'Shy' Fianna Fáil in an uncertain political world
Published 23/11/2015 | 02:30
There are many indicators of the big political changes this country has undergone since our financial world fell asunder in 2008. Among my current favourites is a reference to "shy Fianna Fáil".
In my lifetime, the "Soldiers of Destiny" have been called many things, a good proportion of which could not printed in a mainstream newspaper. But they were never, ever, known as "shy". In fact, they personified the very opposite in Irish political life.
Of course, the term refers to that coterie of voters who will quietly slope back to Fianna Fáil next time, but for the moment are not telling pollsters, their neighbours, friends and even their nearest and dearest.
The phenomenon first came into our lexicon in 1990s Britain, when many voters were reticent about publicly declaring their intention to vote Conservative out of total financial self-interest.
It was "uncool" to concede such a staid and solipsistic mindset. Similarly, there are many people in Ireland seriously contemplating voting Fianna Fáil but not quite ready to publicly say so.
But the party itself is facing a changing world and their newly minted director of elections, Billy Kelleher, had some contentious things to say in recent days about the party's approach to the next general election. The affable Cork North Central TD has often been underestimated, his youthful appearance belies a quarter century of successful political involvement, and he may well be a future party leader.
However, his statements got him a pretty hard time. In essence, he said the party will win in or about 35 Dáil seats next time out. But there will be no coalition with Fine Gael or Sinn Féin, and no outside-of-cabinet support for a minority Fine Gael government.
These cast-iron declarations reasonably suggest that Fianna Fáil is actively contemplating another stint on the opposition benches. Such an admission would concentrate many middle-of-the-road voters to look elsewhere for the business of picking a government.
There was happiness among some in Fine Gael circles. They have grounds to feel that they are slowly, but surely, coming up the rail, set to be the biggest party next time, and in pole position to form the next government.

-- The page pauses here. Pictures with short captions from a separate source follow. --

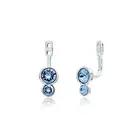 Slake Dot Earrings Jackets Light Sapphire Swarovski Crystal Stud Drop WG MYJS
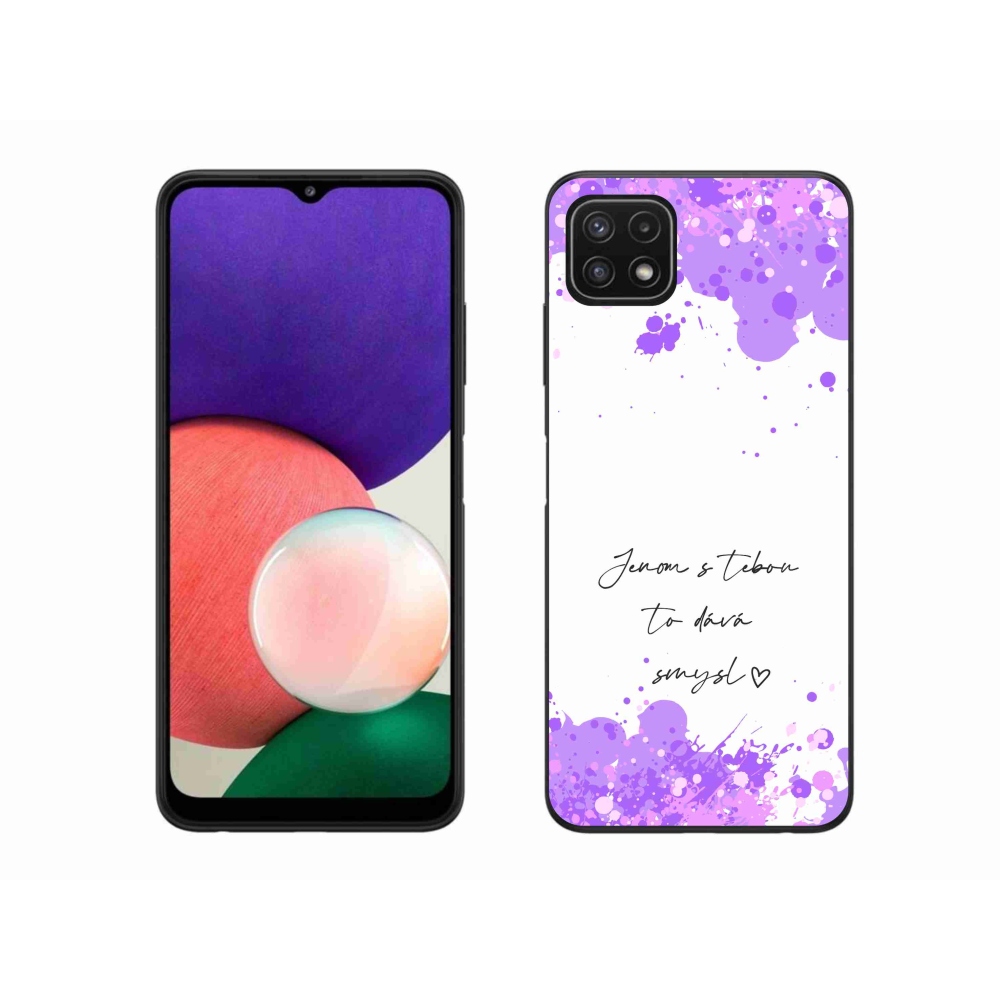 Gelový kryt mmCase na Samsung Galaxy A22 5G - zamilovaný text bílé pozadí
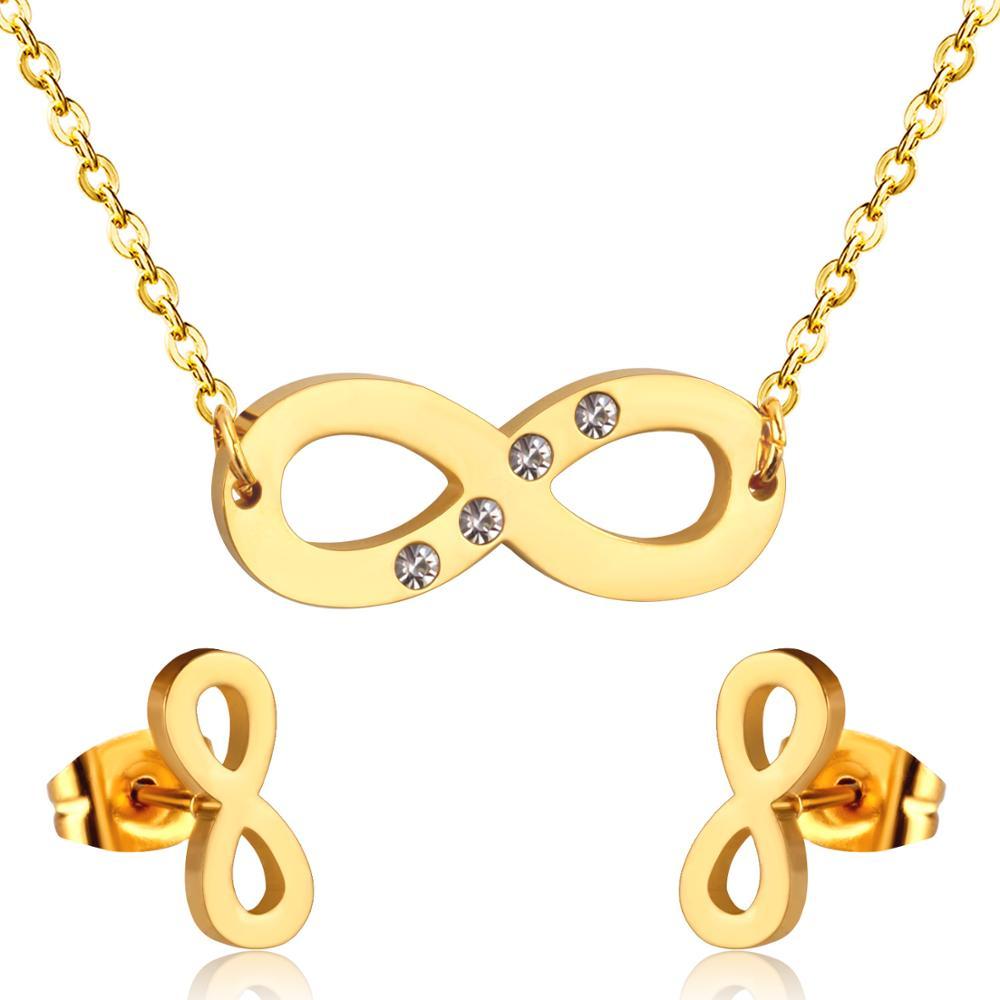 Stainless Steel Dubai African Jewelry Sets Letter With Round Crystal Necklace Earring Sets For Women Accessroies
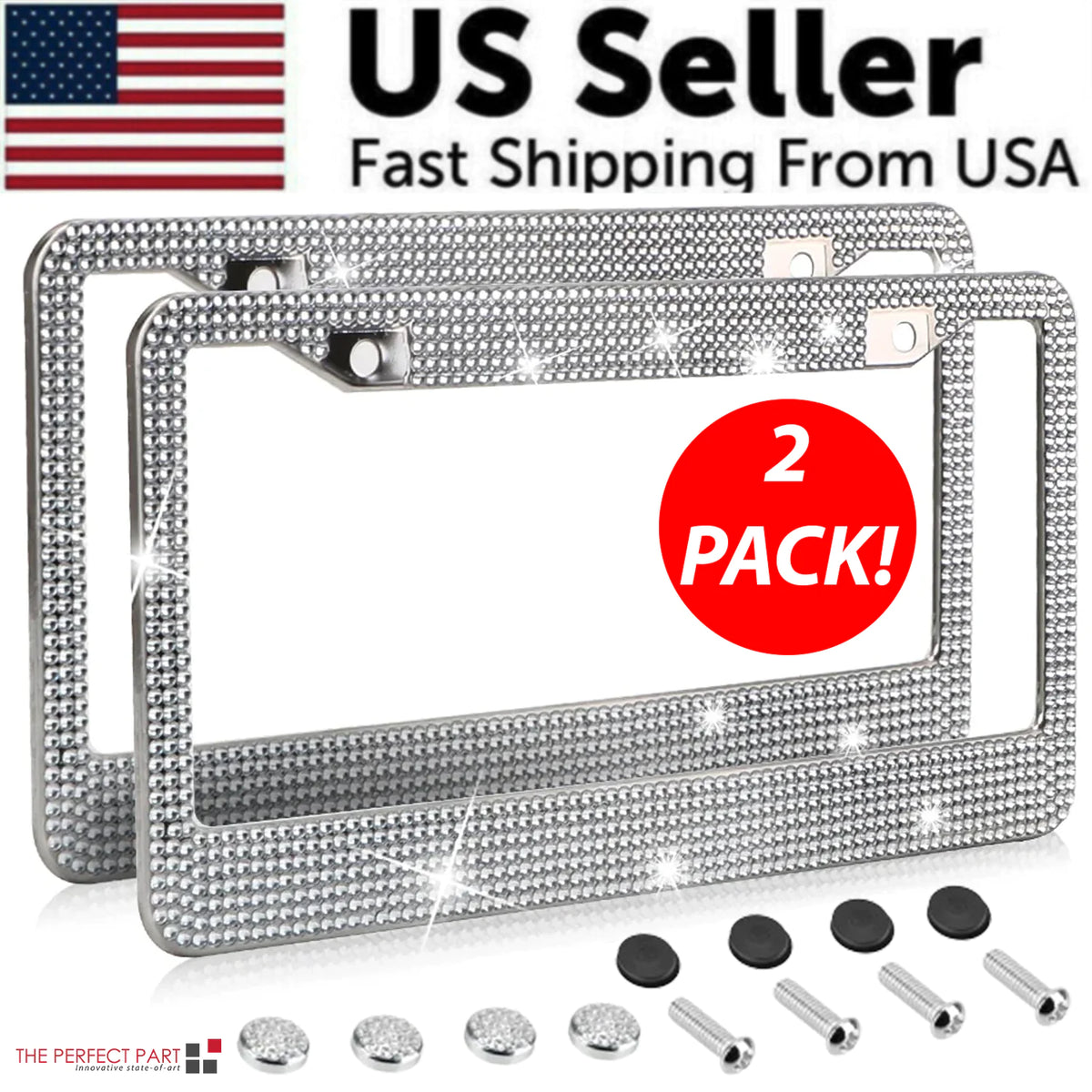 2PCS Bling License Plate Frame Glitter Crystal Sparkling Rhinestone Diamond Caps Rieworkes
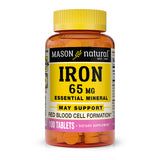 Iron 65 mg - Supports Red Blood Cell Formation, Improves Energy Utilization, Essential Mineral Supplement, 100 Tablets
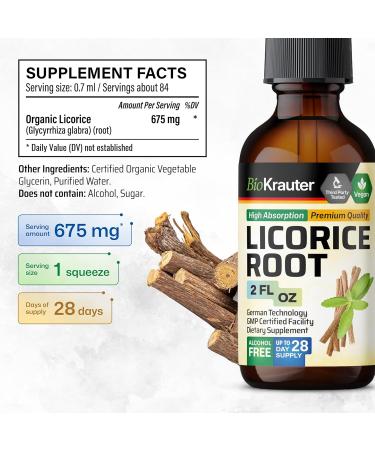 BIO KRAUTER Licorice Root Tincture - Licorice Root Extract for Digestive Support - Alcohol and Sugar Free - Vegan Drops 2 Fl.Oz. 2 Fl Oz (Pack of 1) - Buy Online on GoSupps.com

Yesterday's Red C opinion poll in the 'Sunday Business Post' put Fine Gael on 31pc. Red C managing director Richard Colwell noted that the party has gained 6pc in the past four months, and drilling deeper into the findings he had other encouraging messages for Enda Kenny and Co.
We have to note that this is all good stuff for Enda Kenny's chances of making it back to Government Buildings next spring. There are good grounds for speculating that in the new year, when people really contemplate the approaching election, there could be a surge in favour of Fine Gael.
But let's go back to Fianna Fáil and Billy Kelleher's comments. The reality is that his words were pretty realistic.
The party is holding its own and will have a "good election," which could allow them argue that it is the first of two contests on the slow road to recovery. Comparisons will be made with Fine Gael's slow road back after their 2002 electoral meltdown.
After all, Fianna Fáil did get 25pc and 266 council seats nationwide in the May 2014 local elections. To everyone's surprise, they became the biggest party of local government.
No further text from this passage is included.